Task to complete:
When you reach the line containing "Bathroom featuring a", please repeat it and every line after it exactly, through the end of the listing below, skipping pictures.

Start of Block

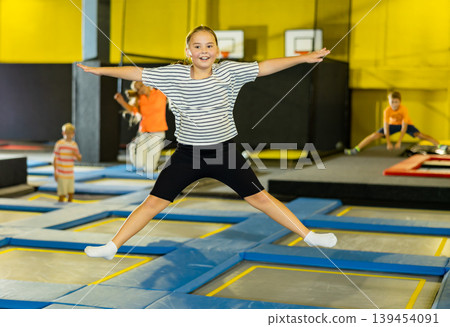 Full length of happy casual girl jumping spreading legs on colorful trampoline at playground park and smiling at camera Full length of happy casual girl jumping spreading legs on colorful trampoline at playground park and smiling at camera 139454091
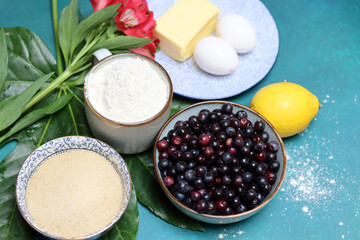 Blueberry pie ingredients on a table. Top view photo of freshly cropped berries, brown sugar, flour, lemon, butter and eggs. Comfort food concept. 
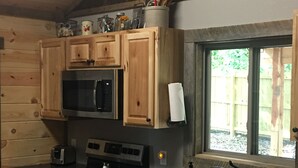 A kitchen with wooden cabinets, a microwave, a stove, a sink, and a window. - #4 Fall Creek Cabins family friendly 1 mile from Lake Norfork , Mtn. Home Ar. (Mountain Home)
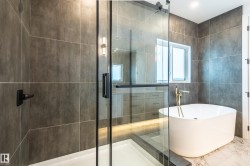 Bathroom featuring a soaking tub, marble tiled floors, a shower stall, and tile walls - 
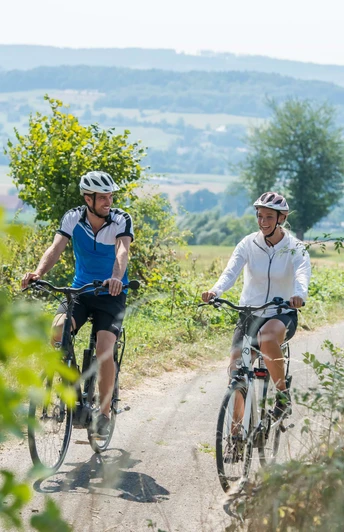 Zwei Radfahrer genieĆen eine Fahrt auf einem lƤndlichen Weg mit Blick auf die sanften Hügel von Bad Driburg.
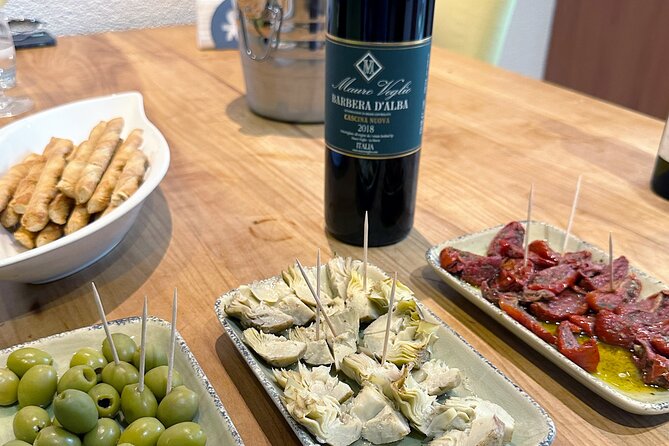 Homemade Italian Lasagna Experience with a Local Family - Starting with olives, artichokes, and Mediterranean flavors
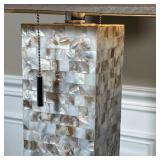 Iridescent mother of pearl mosaic column on a chrome / stainless square base, with a custom rectangu
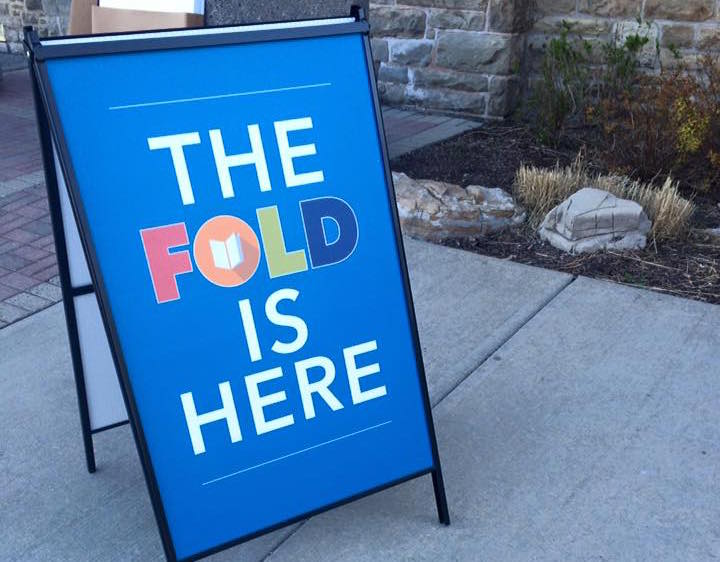 Sidewalk sign reading "The FOLD is here," advertising the Festival of Literary Diversity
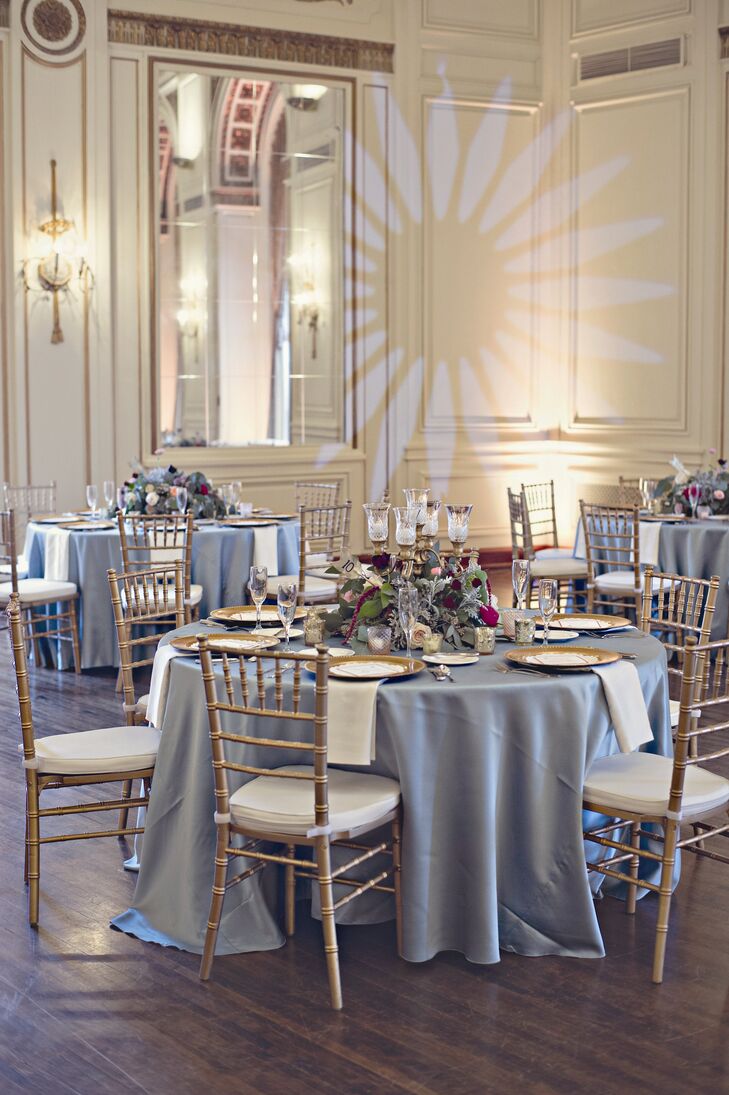The tables were topped in mint green, matte satin tablecloths and set with gold chargers for a bit of glamour. Each centerpiece was different but all contained peonies, roses, protea, dusty miller, eucalyptus and brunia berries.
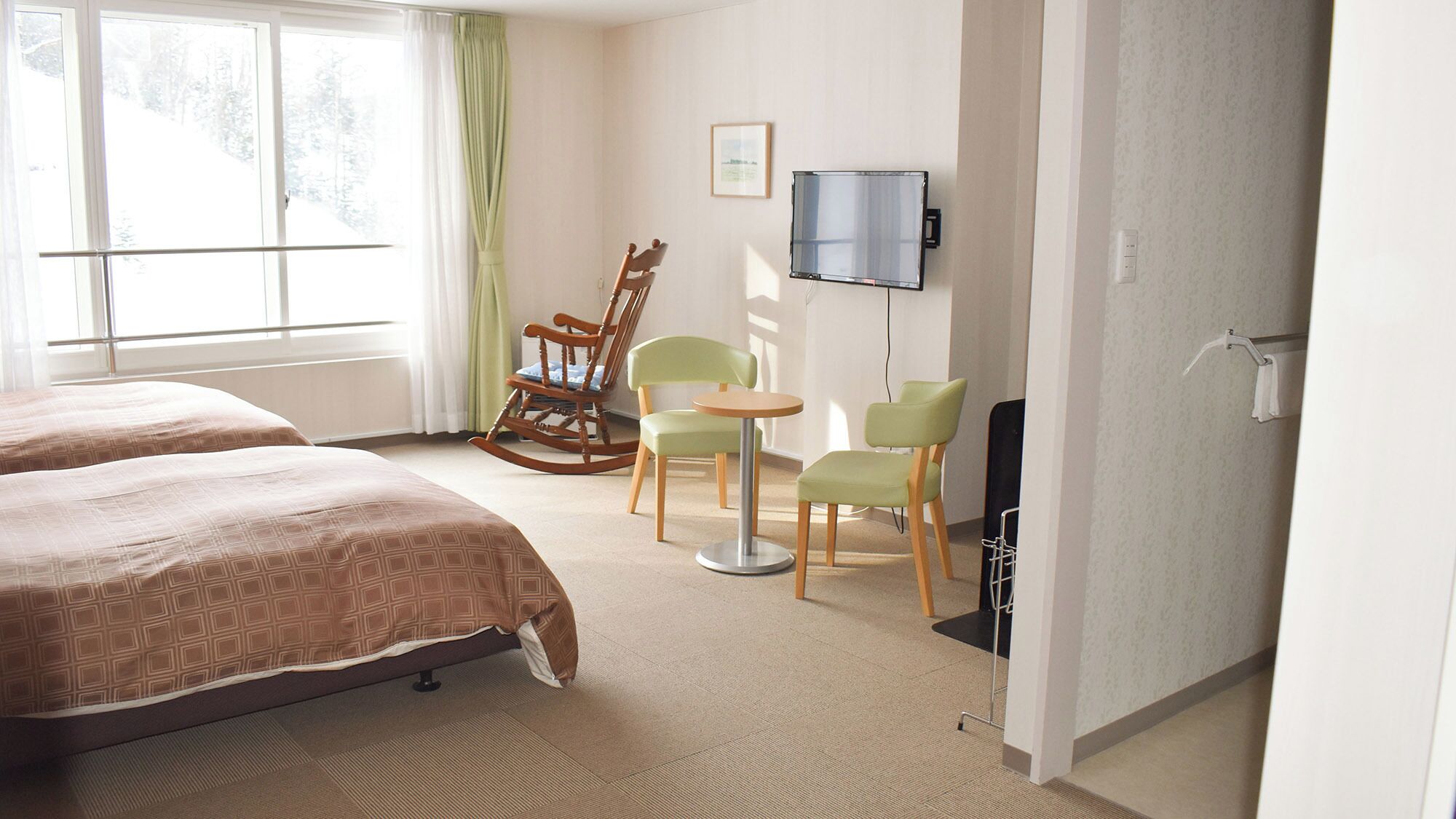 A hotel room with two beds, a rocking chair, a small table, and a TV.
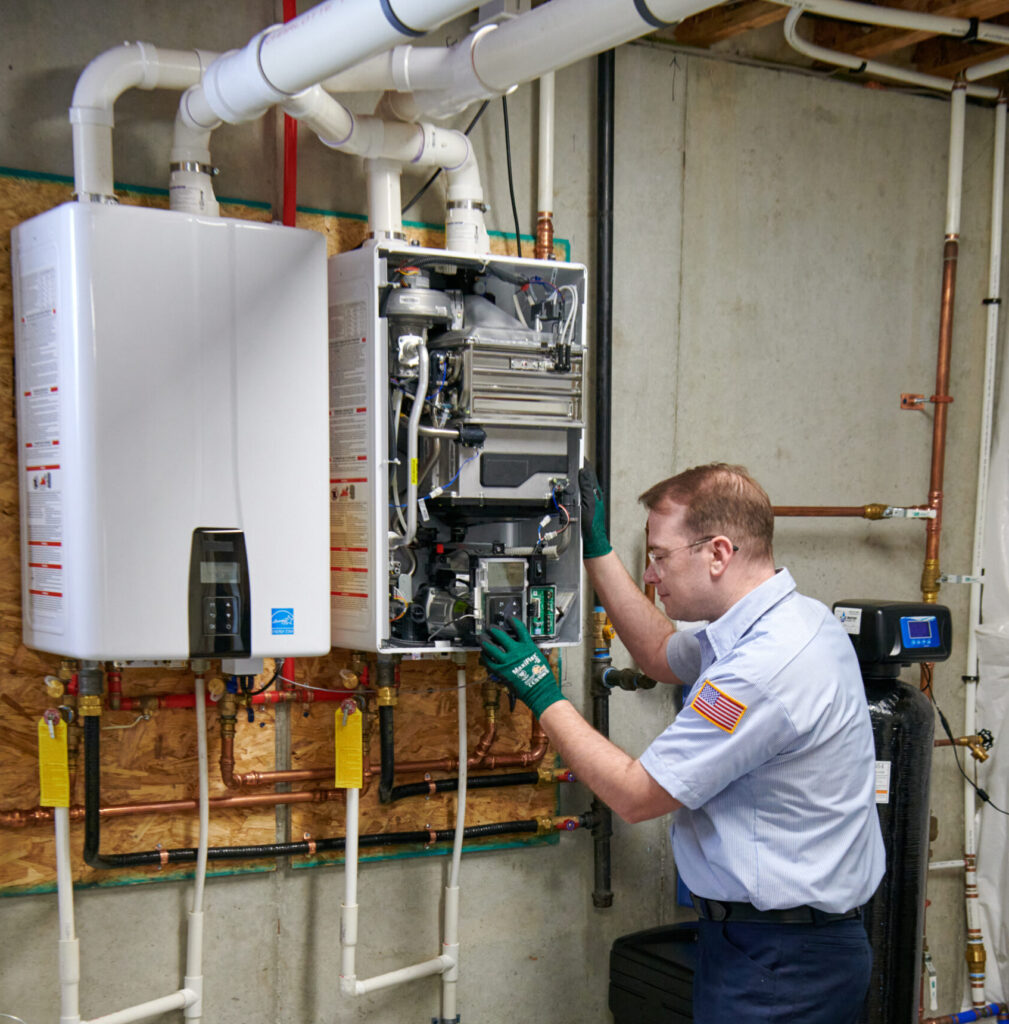 plumber working on tankless water heater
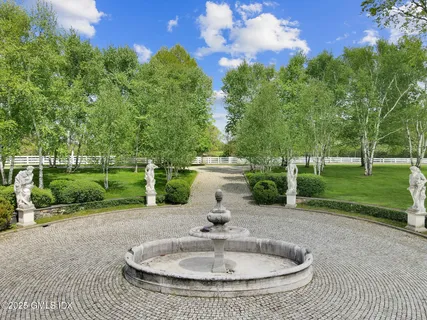 a view of a fountain in the park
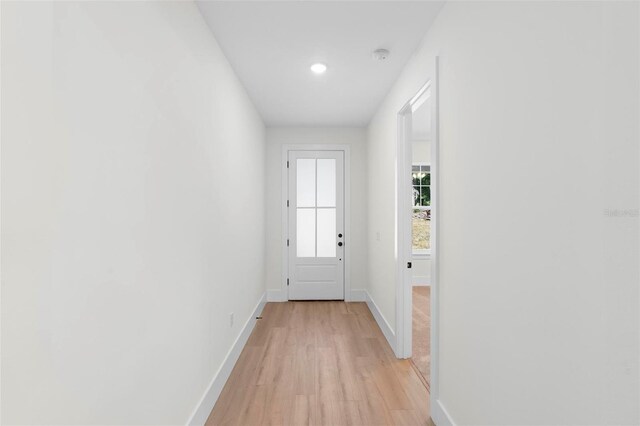 4190 Rossmore Dr, Orlando, FL 32810 - doorway to outside with light wood-style floors, baseboards, and recessed lighting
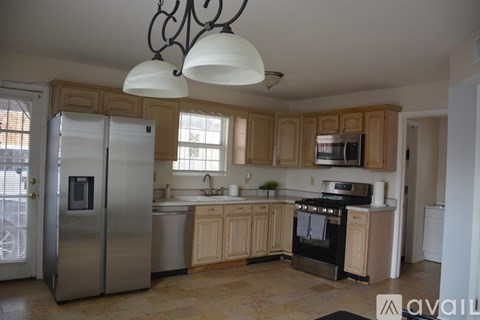 A kitchen with wooden cabinets and a stainless steel refrigerator.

End of Block

Answer to this task:
 Bathroom featuring a soaking tub, marble tiled floors, a shower stall, and tile walls - 
 Zwei Radfahrer genieĆen eine Fahrt auf einem lƤndlichen Weg mit Blick auf die sanften Hügel von Bad Driburg.
 Homemade Italian Lasagna Experience with a Local Family - Starting with olives, artichokes, and Mediterranean flavors
 Iridescent mother of pearl mosaic column on a chrome / stainless square base, with a custom rectangu
 Sidewalk sign reading "The FOLD is here," advertising the Festival of Literary Diversity
The tables were topped in mint green, matte satin tablecloths and set with gold chargers for a bit of glamour. Each centerpiece was different but all contained peonies, roses, protea, dusty miller, eucalyptus and brunia berries.
 A hotel room with two beds, a rocking chair, a small table, and a TV.
 plumber working on tankless water heater
 a view of a fountain in the park
 4190 Rossmore Dr, Orlando, FL 32810 - doorway to outside with light wood-style floors, baseboards, and recessed lighting
 A kitchen with wooden cabinets and a stainless steel refrigerator.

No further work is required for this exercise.